Vomiting: Some cats vomit all the time, while others rarely do. One of the most common reasons for vomiting is hairballs. All cats benefit from regular brushing to help minimize shedding and ingestion of hair. To check to see if your cat has vomited as a result of hairballs, examine the vomit carefully for small grayish pellets or lumps, regardless of your cat’s hair color. Hairballs can occur even with shorthair cats. Another reason for vomiting might be that your cat is allergic to its food. Try switching to another brand with substantially different ingredients and no food colorings to see if that helps. Sometimes cats vomit when they have worms. Consult your vet for a worming appointment. Periodic throwing-up can also be a sign of an overactive thyroid or kidney infection. This is particularly common in older cats. Your vet can do a blood test to find out about either. You know your cat’s habits. If it vomits more than usual or in some way demonstrates a departure from its normal habits, take it to the vet. The main thing is to give it plenty of fluids so it does not become dehydrated.

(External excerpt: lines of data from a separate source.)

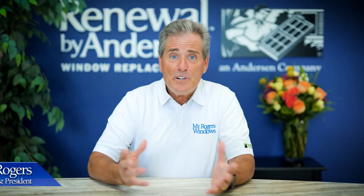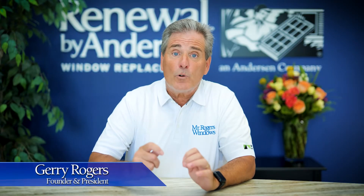Hello neighbors, I'm Jerry Rogers of Mr. Rogers Windows, and we have the right window color for you.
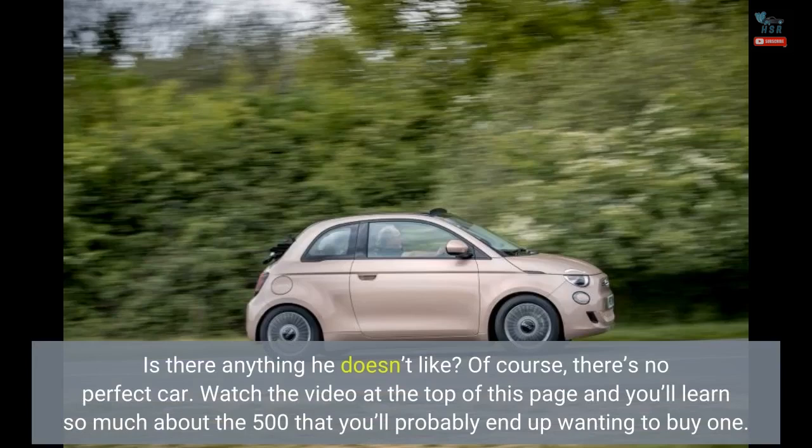Is there anything he doesn't like? Of course, there's no perfect car. Watch the video at the top of this page and you'll learn so much about the 500 that you'll probably end up wanting to buy one.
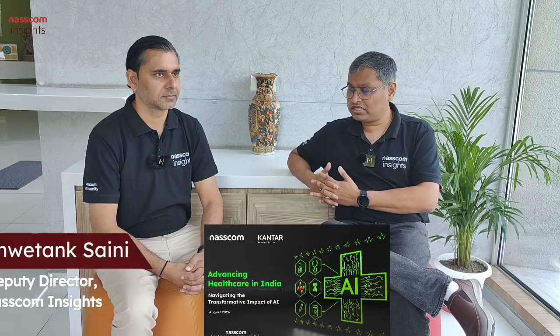NASSCOM has done a report on AI in healthcare and we have Shwetan with us to discuss the key findings. Welcome to the show, Shwetan. Shwetan, why did we do this report? What does it cover? Any thoughts before we get started on the key findings?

Diarrhea: If your cat has persistent diarrhea, you can try changing its diet. You can try boiled rice, cottage cheese, bread, plain yogurt, boiled chicken, chicken broth or strained meat. Choose the ones your cat prefers. If symptoms continue for more than two days, take your cat to the vet with a stool sample. You should also call your vet immediately if your kitten is weak or listless, or refuses to take fluids.
Feline Urinary Syndrome: (FUS) Feline urinary syndrome, or FUS, is an inflammation, irritation, and/or obstruction of the lower urinary tract. The inability to pass urine can become a life and death situation if not treated quickly. FUS is far more common among male cats than females. Your cat might have FUS if it strains to urinate, has blood in the urine, makes frequent trips to the litter box with only small amounts voided, or forgets how to use the litterbox.
Diabetes: Diabetes occurs in cats who cannot properly regulate their blood sugar level. Symptoms may include excessive thirst and urination; loss of weight or obesity. Older cats are more likely to develop diabetes than younger ones. Diabetic cats should be kept indoors to prevent accidental feeding that could elevate its blood sugar.
Feline Immunodeficiency Virus: (FIV) Though this disease is related to HIV, it is NOT possible to contract AIDS from a cat with FIV. FIV is passed through open wounds such as cat bites, resulting in an impaired immune system. As there is currently no vaccine for this disease, FIV-positive cats should be kept inside and away from other cats.
Upper Respiratory Disease Upper respiratory disease will manifest itself in your cat by cold or flu-like symptoms, like a runny nose and sneezing combined with reddened, runny eyes.
Feline Herpes Virus: Don’t worry, you can’t get herpes from your cat! FHV affects only cats.
Chlamydia Psittaci: Chlamydia is a bacteria-like organism that inhabits the tissues around the eyes. The most common symptom is conjunctivitis, which is generally seen in one eye at first, then spreads to both eyes.